Ini merupakan dokumen perencanaan keselamatan amanat dari Peraturan Presiden (Perpres) Nomor 1 Tahun 2022. Dokumen ini disusun untuk mengurangi jumlah fatalitas kecelakaan LLAJ. RUNK LLAJ menjadi panduan bagi kementerian/lembaga, pemerintah provinsi, dan pemerintah kabupaten/kota dalam menyusun Rencana Aksi Keselamatan (RAK) LLAJ.
“Kalau dulu RUNK itu hanya tingkat pusat, daerah enggak tahu. Sekarang sampai tingkat kabupaten/kota harus punya RAK,” ujar Djoko kepada Validnews, Kamis (12/9).
Dia menjelaskan, RUNK LLAJ diturunkan menjadi lima pilar program nasional keselamatan LLAJ. Kelima pilar ini melibatkan berbagai kementerian karena upaya mengurangi angka kecelakaan angkutan jalan, perlu kerja sama banyak pihak.

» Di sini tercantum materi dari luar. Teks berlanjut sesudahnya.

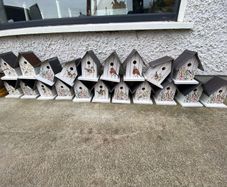 Hand made birdboxs perfect for Easter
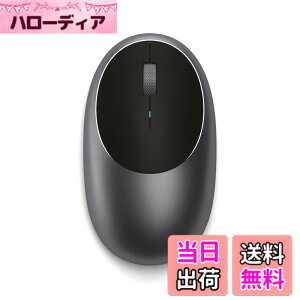 �y���������zSATECHI M1 ���� ���C�����X �}�E�X �A���~���iUSB-C�[�d���A1200DPI�A�l�ԍH�w�f�U�C���Ή���Bluetooth�}�E�X�AMacBook Air & Pro�A�m�[�gPC�AiPad�ȂǑΉ��j�| �X�y�[�X�O���[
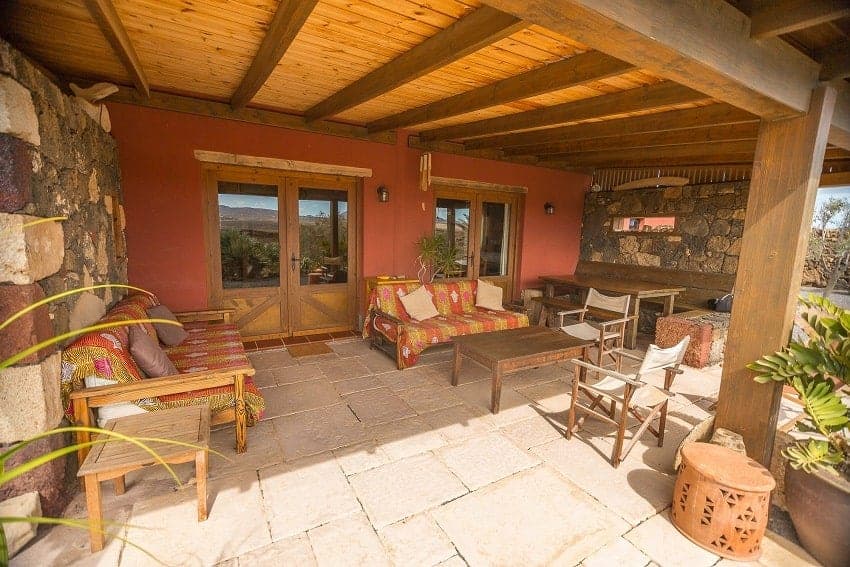 Terraza, Casa El Campo, Casa Rural Lajares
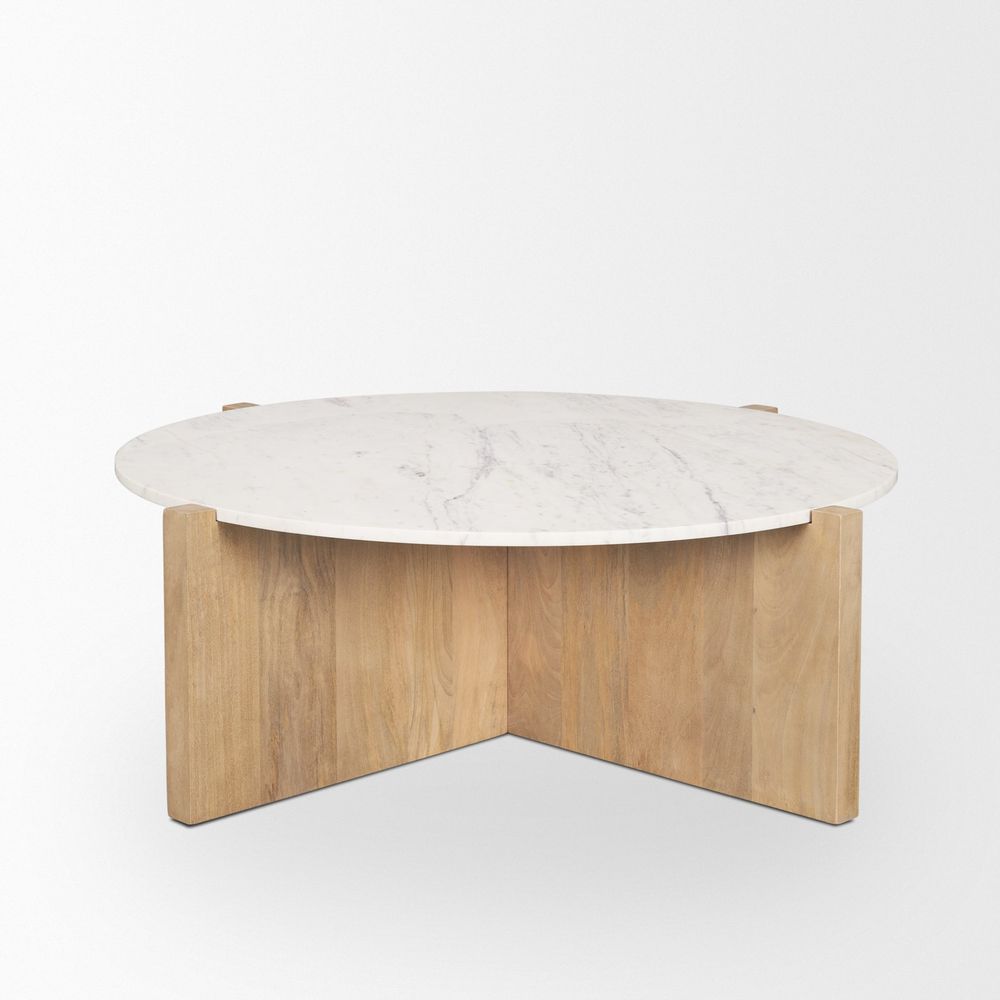 Theodore Light Brown | Marble Coffee Table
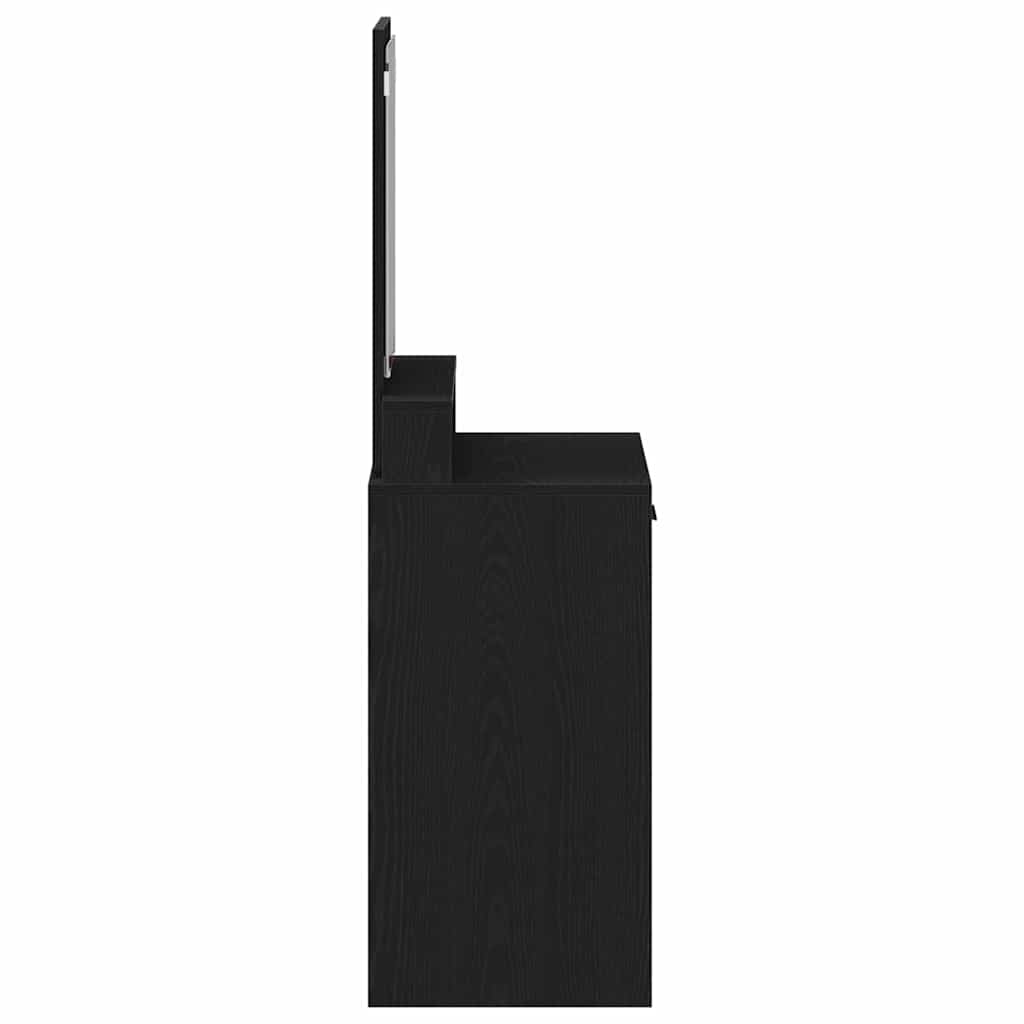 Schminktisch mit Regal Schwarz Eichen-Optik 50 x 41 x 140 cm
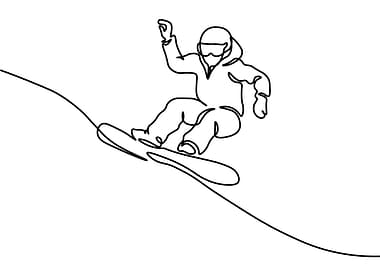 Aesthetic Snowboarder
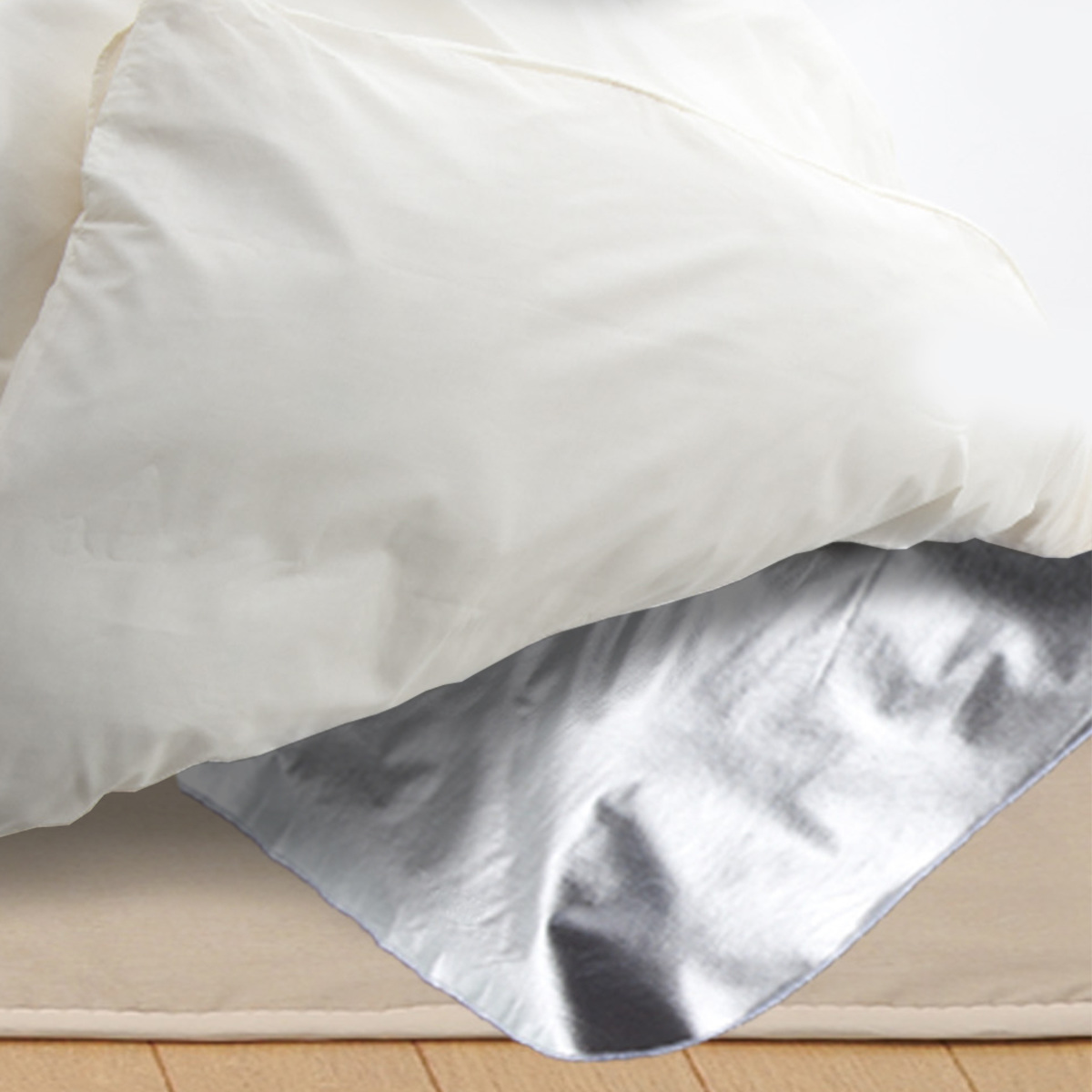 こたつ内掛け保温シート 正方形 約36％節電 防水 150×150cm （ コタツ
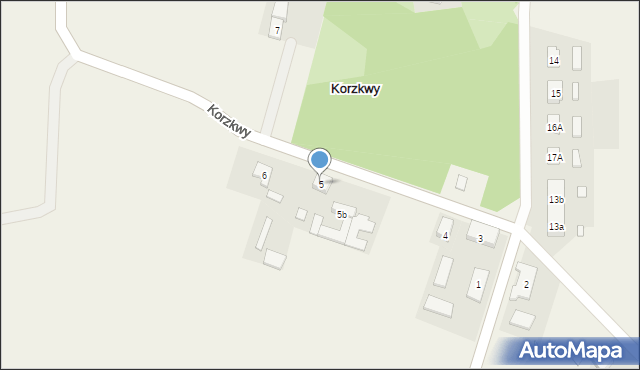 Korzkwy, Korzkwy, 5, mapa Korzkwy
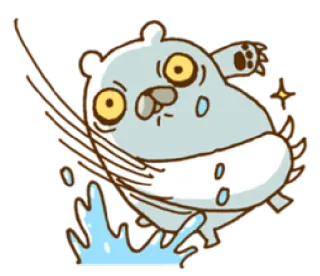 😠 Beruang kartun, Stiker binatang, Lucu, Imut, Kartun telegram sticker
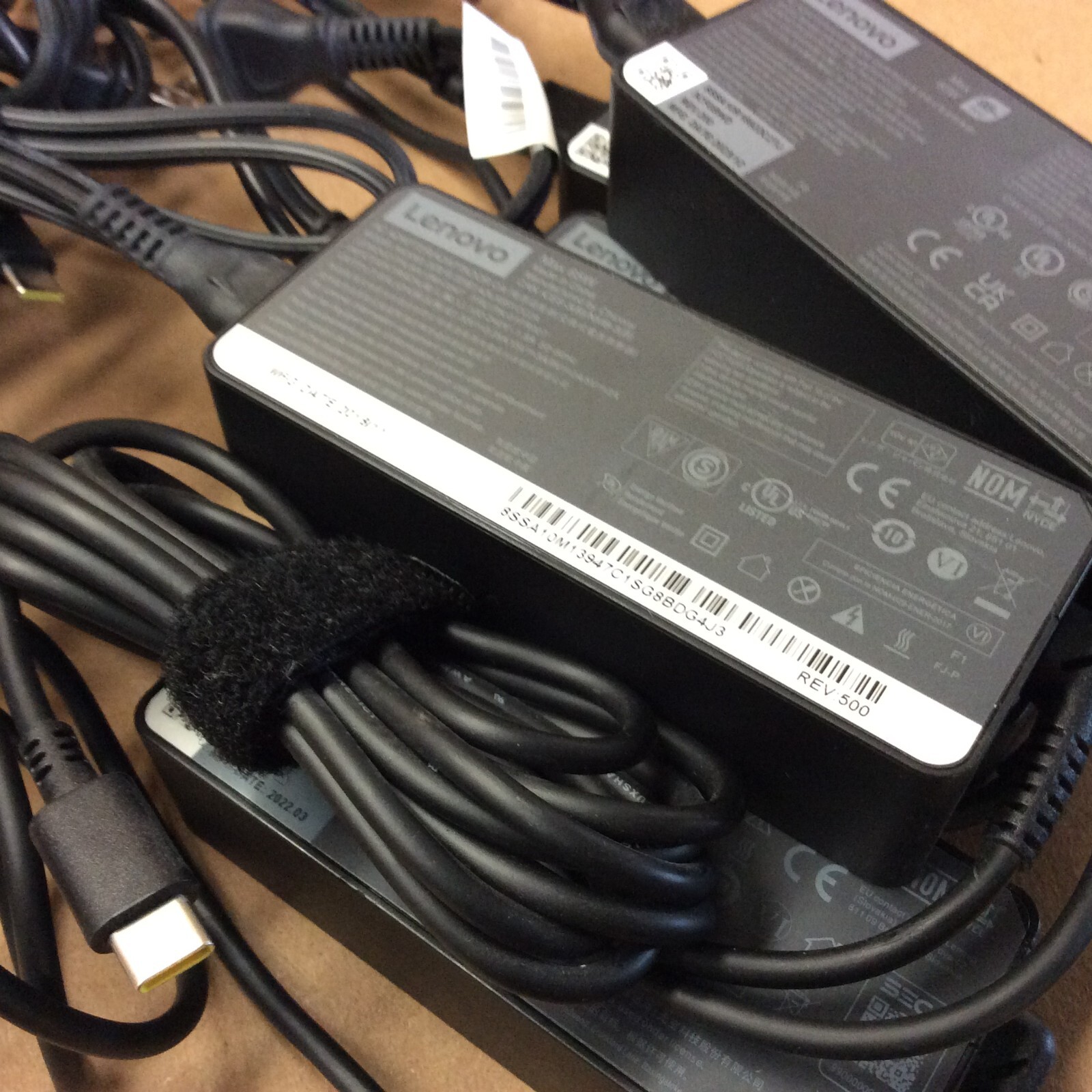 Lot of 25 ~OEM Lenovo 65W USB-C AC Charger Adapter Laptop T480 T570 T580 X280 X1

Berdasarkan Perpres Nomor 1 Tahun 2022, pilar pertama RUNK LLAJ adalah sistem yang berkeselamatan yang merupakan tanggung jawab kementerian bidang perencanaan pembangunan nasional. Pilar kedua merupakan jalan yang berkeselamatan, tanggung jawab kementerian yang mengurus bidang jalan.
Pilar ketiga adalah kendaraan yang berkeselamatan,t anggung jawab kementerian bidang sarana dan prasarana lalu lintas dan angkutan jalan. Pilar keempat pengguna jalan yang berkeselamatan, tanggung jawab Polri. Pilar kelima adalah penanganan koban kecelakaan, tanggung jawab Kementerian Kesehatan (Kemenkes). “Yang penting RUNK itu harus ada yang menjadi komandonya siapa, presiden, wakil presiden, atau menko. RUNK ini yang perlu diperjuangkan pelaku transportasi,” pungkas Djoko.
So, aturan sudah jelas, aparat juga sudah bertugas. Dengan langkah yang terlihat serius, harusnya kecelakaan angkutan umum sudah bisa digerus bukan?